## Entries provided

*** Begin section ***

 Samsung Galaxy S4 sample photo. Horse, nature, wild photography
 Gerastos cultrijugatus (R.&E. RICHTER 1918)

*** End section ***
*** Begin section ***

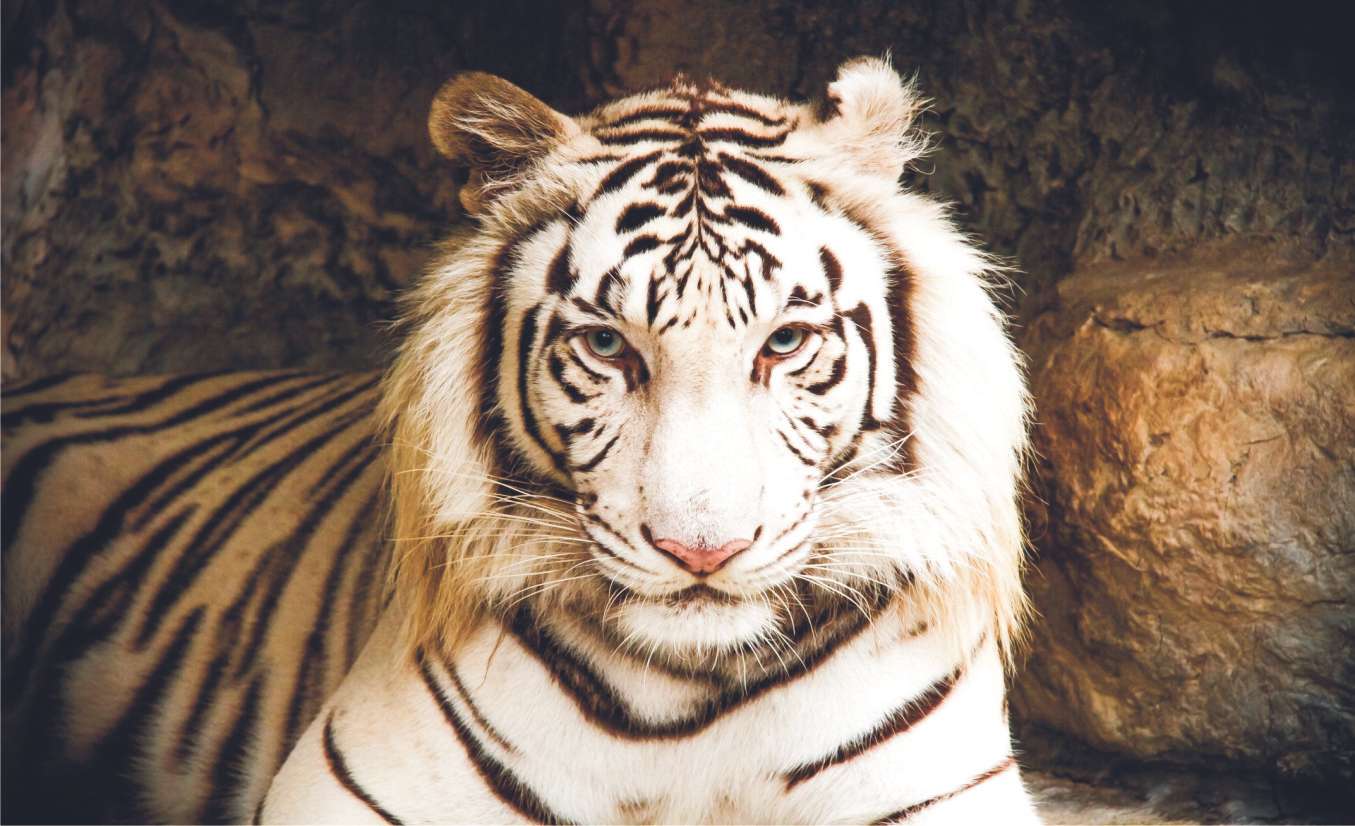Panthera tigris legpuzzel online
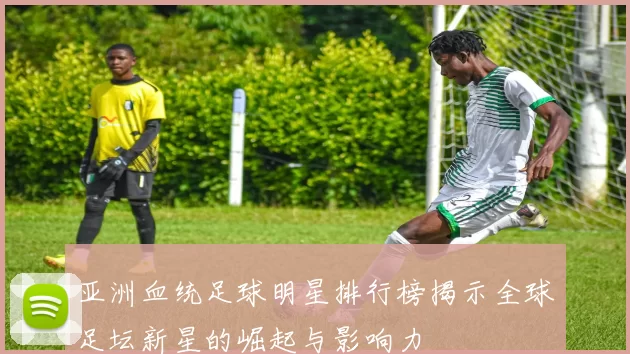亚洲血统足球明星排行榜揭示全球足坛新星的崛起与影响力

*** End section ***
*** Begin section ***

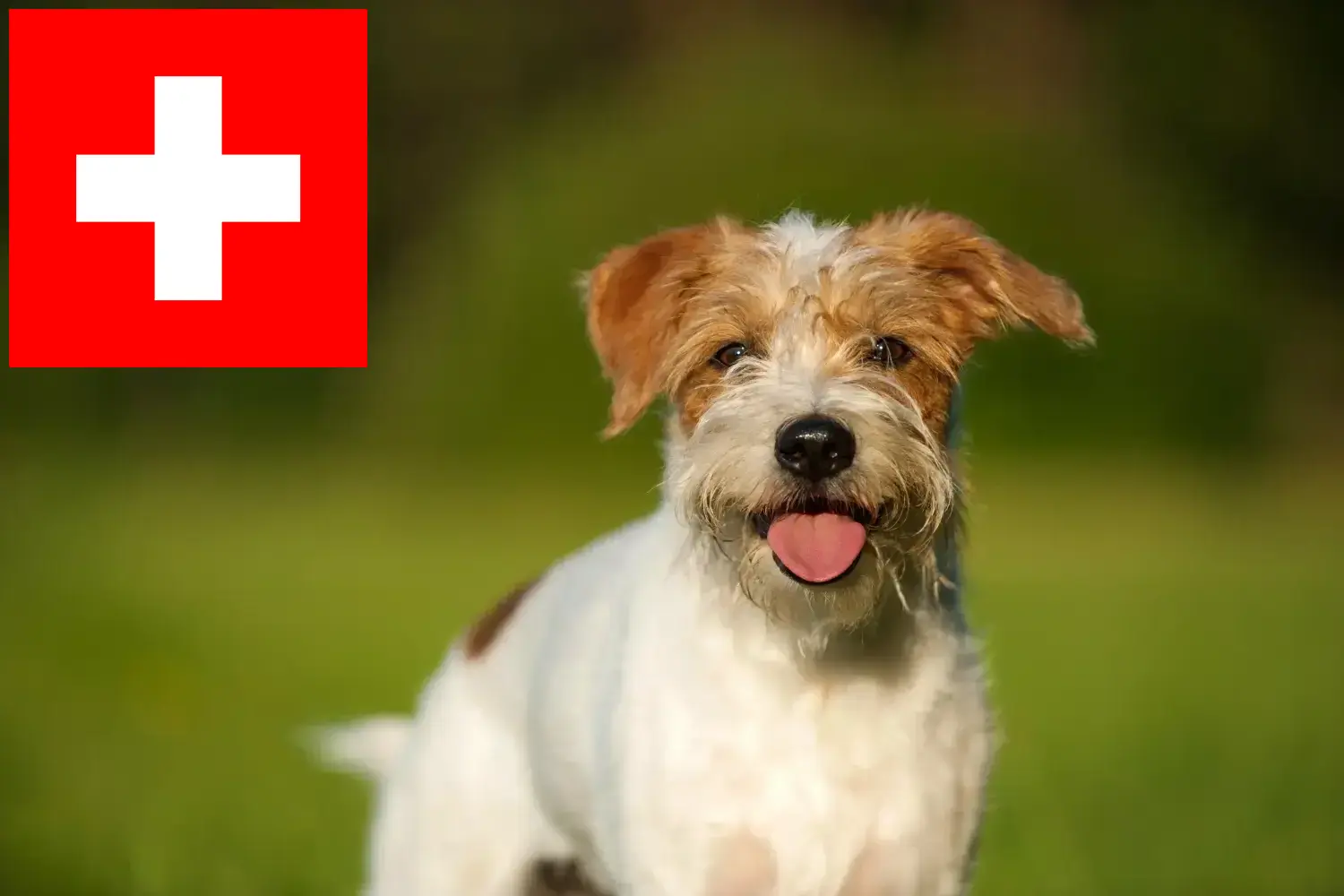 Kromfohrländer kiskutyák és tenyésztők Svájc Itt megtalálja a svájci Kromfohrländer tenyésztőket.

*** End section ***

## What is being asked
Look above for the line with "Samsung Galaxy S4" and the line with "Gerastos cultrijugatus (R.&E. RICHTER 1918)"; transcribe both and all lines in between, exactly, and nothing else.

## Solution to the problem
 Samsung Galaxy S4 sample photo. Horse, nature, wild photography
 Gerastos cultrijugatus (R.&E. RICHTER 1918)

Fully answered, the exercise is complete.